25/07/2011

« Mabel Rose » s’amarre sur l’Aisne


Entourée de bateaux dont la superstructure dépasse le niveau du quai, la « Mabel Rose » a quelque chose d’un sous-marin. C’est une « narrowboat », péniche particulièrement étroite et bas sur l’eau, construite pour naviguer sur les canaux de petit gabarit d’Angleterre. En France on l’appelle « une cigare ».
Michael Wray a pris sa retraite en 2010, vendu son entreprise en Irlande, acheté le bateau (en France), loué sa maison, et s’est lancé avec sa femme sur les voies d’eau de la France.

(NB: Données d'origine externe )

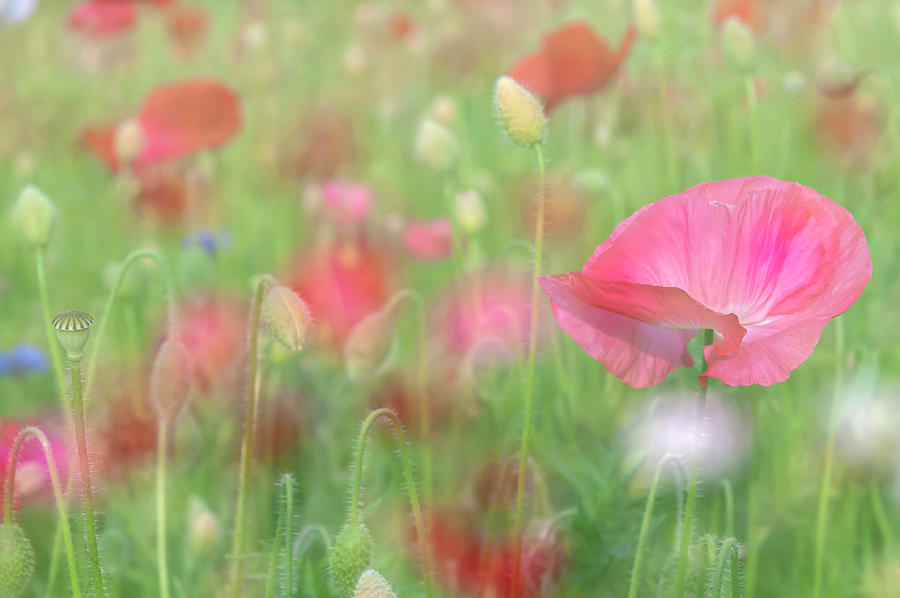 Pink  Poppies - Impressionism Photograph by Jenny Rainbow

Il m’invite à monter – plutôt descendre – à bord, visiter les locaux nichés dans les 2m20 de largeur et 17,5m de longueur. C’est astucieux et étonnamment spacieux.
Il fait du thé. Sa femme étant partie pour la naissance d’un petit-fils, il est d’autant plus disposé à parler. Car Michael étant irlandais, le plaisir et le besoin de converser sont forts. Je reconnais sa façon de traiter la parole comme sa cavalière qu’il fait tourner sur une piste de danse, et dont, comme dans un tango, il met en valeur l’habileté.
Né dans la communauté protestante d’Irlande du Nord, il a pourtant un drapeau irlandais sur son bateau. « Vivre là m’a guéri de la religion pour toujours ; puis entre les Français et les Anglais ça va nettement moins bien qu’avec les Irlandais… »
Vivre la tourmente des années soixante-dix en Irlande du Nord n’a pas été facile. « Tous nous portons les traces : un ami a perdu ses deux jambes dans une explosion, et mon magasinier a été tué un soir en quittant l’usine. »
Il parle des Français croisés en voyage. « Plus charmants on ne peut pas imaginer. Mais il faut faire le premier pas. » Les autres bateliers sont notoirement sociables, mais il rappelle l’arrivée d’un bateau français. « Très corrects, mais aucun contact. C’était mon anniversaire : on donne deux morceaux de gâteau à leurs garçons. Ils reviennent avec les assiettes et une bouteille de vin, et nous voilà embarqués pour une bonne soirée ensemble. »
Le nom du bateau date d’avant son acquisition. « En Irlande, ça porte malheur de changer de nom. D’ailleurs ma femme s’appelle « Rosemary » et en France le nom devient « Ma belle Rose. »
Michael admet ne pas vouloir s’éterniser sur les canaux. L’Irlande lui manque, même s’il parle toujours de « l’Irlande du Nord ». La fracture presque centenaire du pays n’est pas près de disparaître, ni dans la géographie ni dans les esprits.